REUTERS/Punit Paranjpe
Published Last updated This article is more than 2 years old.

Q: How can you set ground rules about noise with the people who sit next to you? 

Dear Living Loud,

No one wants to listen to colleagues’ conversations with significant others or hear Chris Brown blaring off Spotify at top volume while they’re trying to get some work done. Doubly so in an open office space where the only barriers between peers are mental ones. So if you want to set some boundaries about when it’s appropriate to rock ringtones or howl out loud with laughter? It’s best to get together and define some ground rules as a group.

If informal efforts at setting ground rules fail, talk to senior leaders or an HR rep about setting official guidelines. Alternately, you could help schedule a meeting or set up an anonymous survey that allows others to voice common concerns surrounding office noise.

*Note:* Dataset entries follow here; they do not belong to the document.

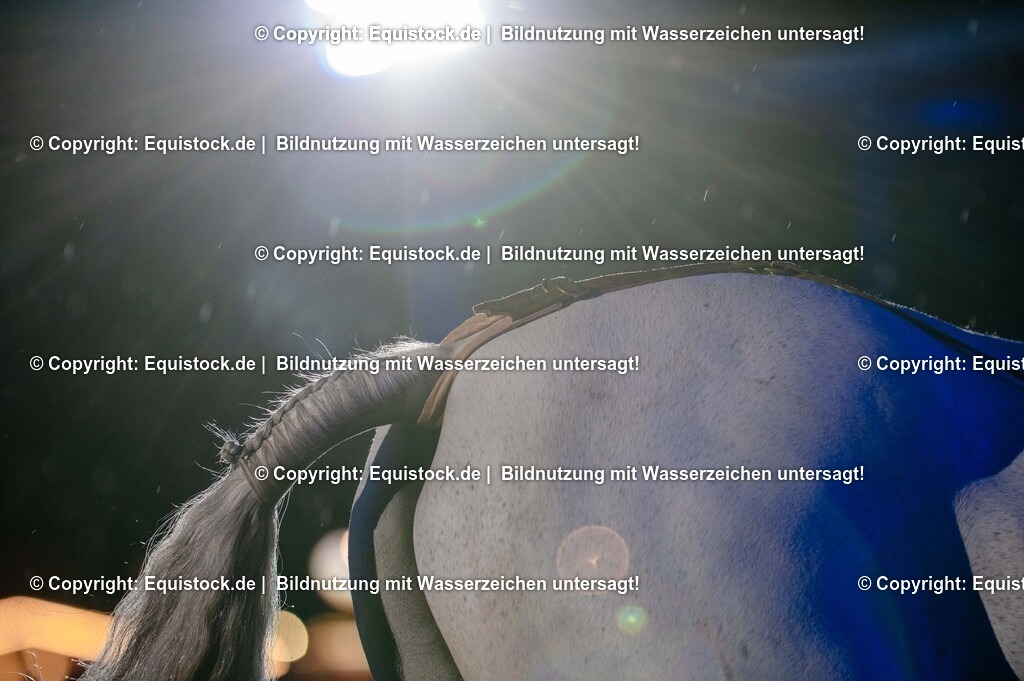 20250606_Lange-Pferdenacht_1112 | Foto: Thomas Hartig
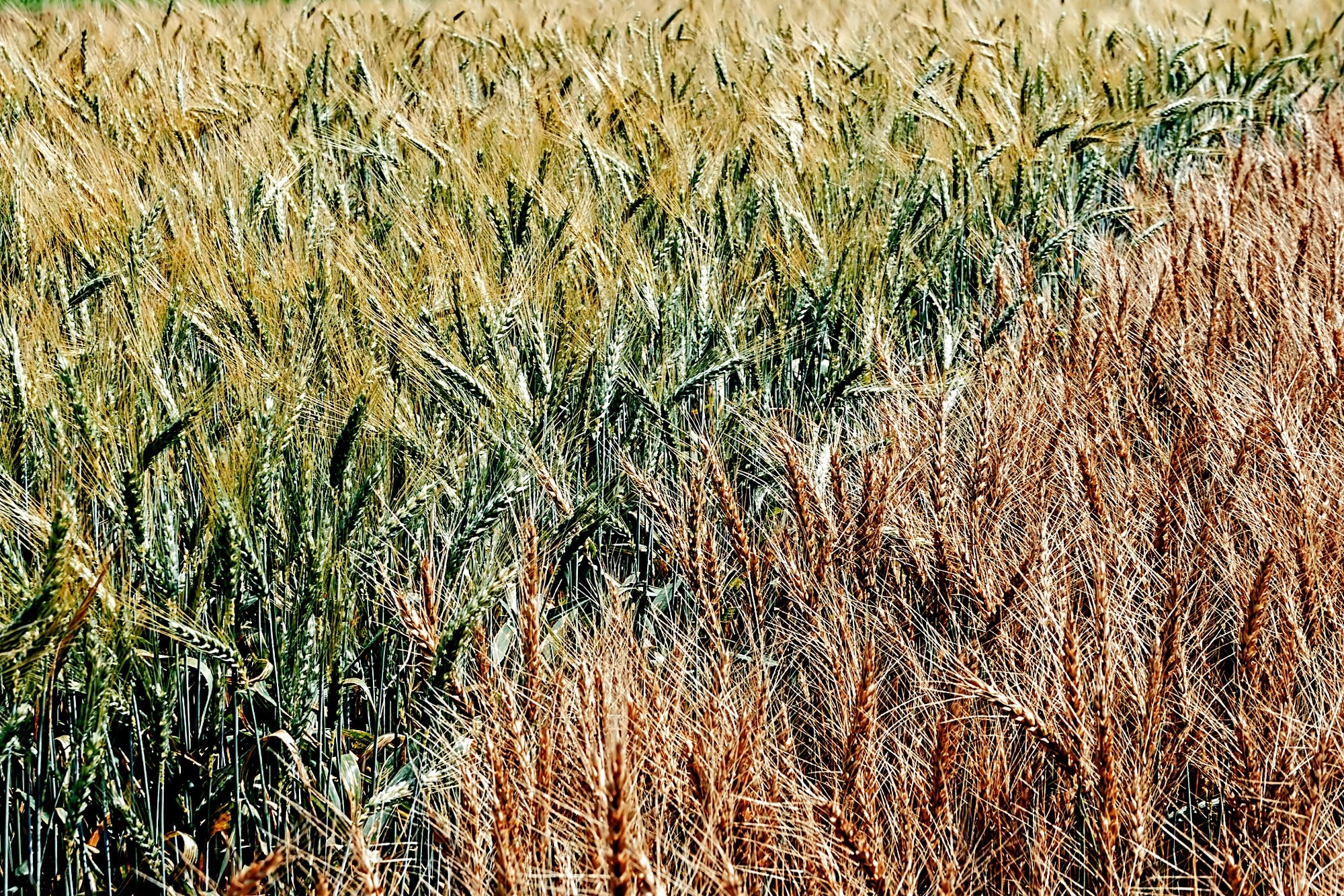 Study: Advancing Wheat Variety Identification: CSKNN Leveraging Hyperspectral Imaging. Image credit: Florin Cnejevici/Shutterstock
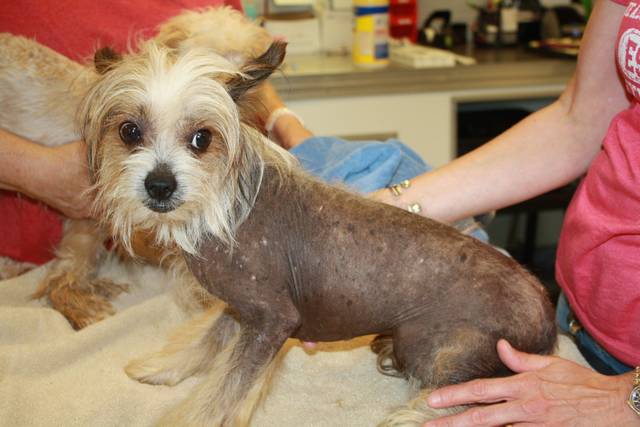 1565808_web1_ptr-gettysburgfilth2 1565808_web1_ptr-gettysburgfilth2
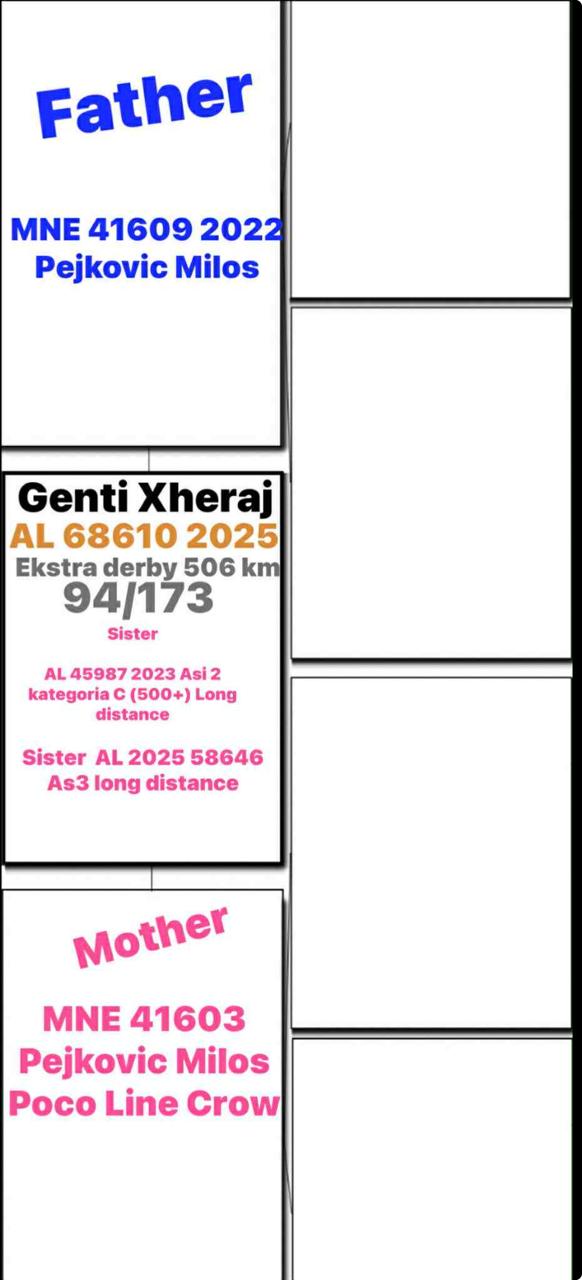 94	place Super Derby (506 km) 	 Genti Xheraj	 AL-68610-2025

Some points you might touch on when setting rules include:

  • What voice levels are reasonable for everyday conversation
  • The best location for lengthy conversations to be held if a quick, impromptu chat with others won’t suffice
  • If it’s alright to keep ringers and mail notifications on, or if it’s best to keep them on vibrate
  • When it’s alright to use a speaker for calls or entertainment
  • If it’s alright to pop into someone else’s workspace unannounced
  • How to tell if someone is busy and shouldn’t be interrupted
  • If specific hours are reserved for quiet, focused effort
  • Whether it’s really necessary to shout across a room or better to simply walk over to another desk or send an instant message
  • Types of ambient noise—humming along with tunes, tapping on the desk, playing drum solos using pencils—that may distract others
  • What to do if you overhear something private or personal
  • How to handle noise-related complaints

Put the rules down on paper, and be consistent in your enforcement of them, while also being courteous and respectful of others and situations as they arise.

Scott Steinberg is the author of The Business Etiquette Bible.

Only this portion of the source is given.